Let $A$ be a $C^{*}$-algebra with identity, $a \in A$, $a \geq 0$.
1: Please show me how I prove that $ a \leq 1_{A} \Longleftrightarrow \Vert a \Vert \leq 1 $
2: Let $A$ be a $C^{*}$-algebra with identity $ a,b \in A$, if $a \geq 0$, $b \leq 0 $, then $ \sigma ( ab ) \subset [ 0, \infty ) $ and $ ab \geq 0 $
If $0\leq a\leq 1_A$, then $1_A-a\geq0$. Thus $\sigma(a)\subset[0,\infty)$ and $$1-\sigma(a)=\sigma(1_A-a)\subset[0,\infty),$$ so $\sigma(a)\subset[0,1]$. As $a$ is selfadjoint, $\|a\|=\max\sigma(a)\leq1$.
Conversely, if $\|a\|\leq1$: as the spectral radius is always at most the norm, and since $a\geq0$, we get $\sigma(a)\subset[0,1]$. Then $\sigma(1_A-a)\subset[0,1]$, and so $1_A-a\geq0$.

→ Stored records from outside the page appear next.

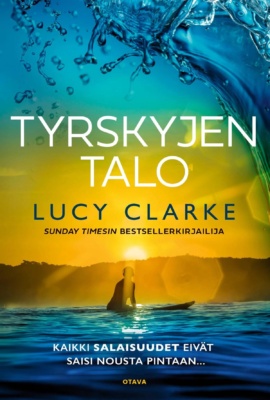 Tyrskyjen talo -kirjan kannessa on auringonlasku ja vedessä surffilaudan päällä istuva surffaaja. Kannen ylä- ja alareunassa on sinistä vettä ja keskellä keltainen raita laskevan auringon värjäämää rantaa ja taivasta. Kannessa on tagline "kaikki salaisuudet eivät saisi nousta pintaan..."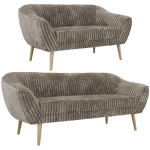 Zestaw PIRS 3+2 - jasnobrązowy, sztruks - nóżki,  buk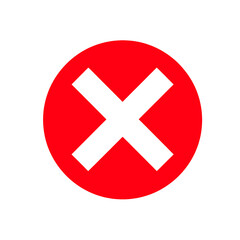 White cross mark in red circle isolated on transparent background 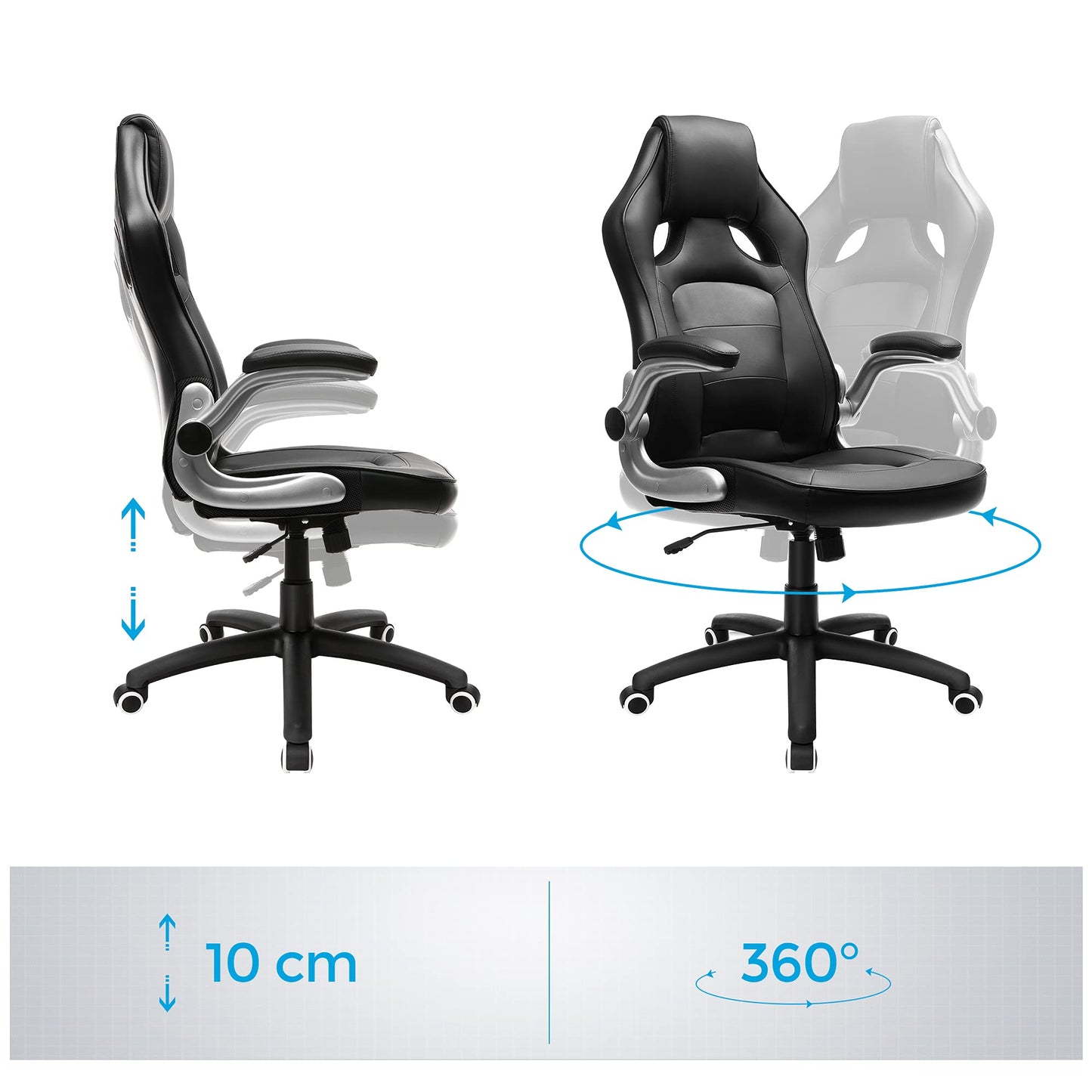 SONGMICS Racing Chair Office Chair Gaming Chair Executive Chair Swivel Chair PU, black, OBG62B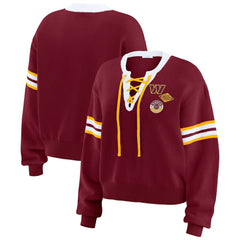 NFL Washington Commanders WEAR by Erin Andrews Women's Lace-Up Pullover Sweatshirt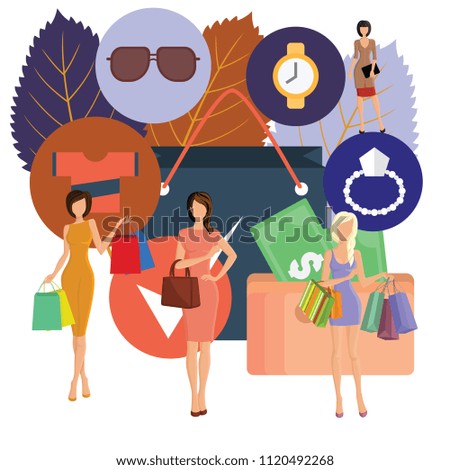 Vector illustration of a flat design Business shoping.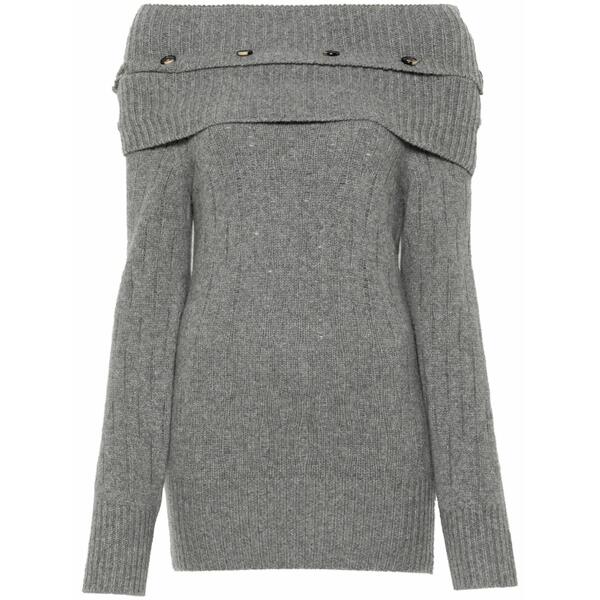 鍵を掛ける レディース 編み物\u0026スウェーター アウター Multi-button off-shoulder top Grey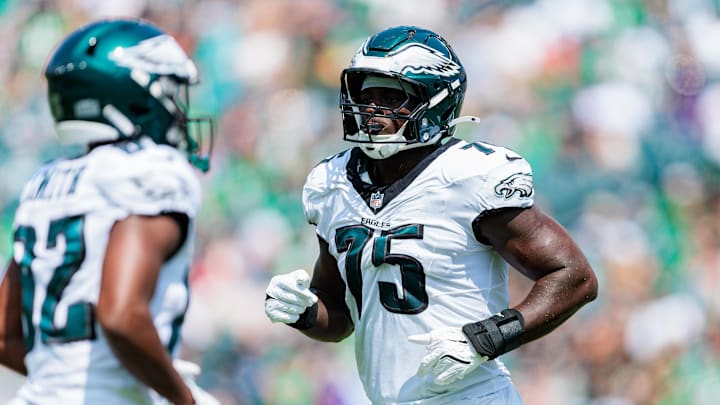 Philadelphia Eagles defensive end Tarron Jackson (75). Philadelphia Eagles defensive end Tarron Jackson (75).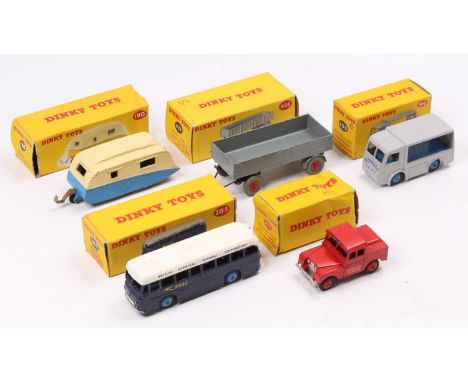 Dinky Toys boxed model group of 5 comprising No. 283 BOAC Autocar Airport Coach, No. 255 Mersey Tunnel Police Van, No. 490 El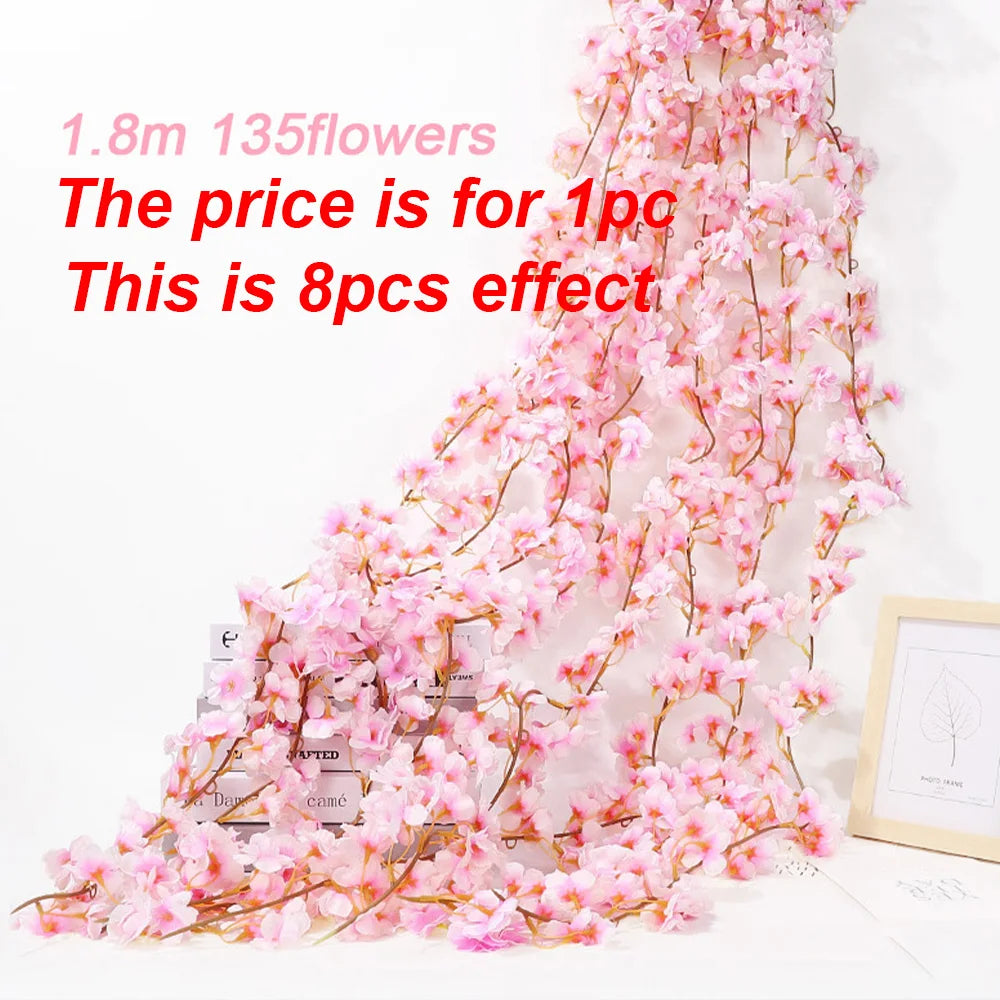 1pc 5.6ft Artificial Sakura Flowers Vine Wedding Garden Rose Arch Home Party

For the second part, if $a\geq0$ and $b\leq0$, then the spectrum of $ab$ is not necessarily positive even when $A=\mathbb C$ (as pointed out by Aweygan). If $a\geq0$ and $b\geq0$, then one can use that in a Banach algebra $$\{0\}\cup\sigma(xy)=\{0\}\cup\sigma(yx).$$ Then $$ \{0\}\cup\sigma(ab)=\{0\}\cup\sigma(a^{1/2}ba^{1/2})\subset[0,\infty). $$ Finally, if $A$ is not commutative, it is not true in general that the product of positive operators is positive. This fails already in $M_2(\mathbb C)$.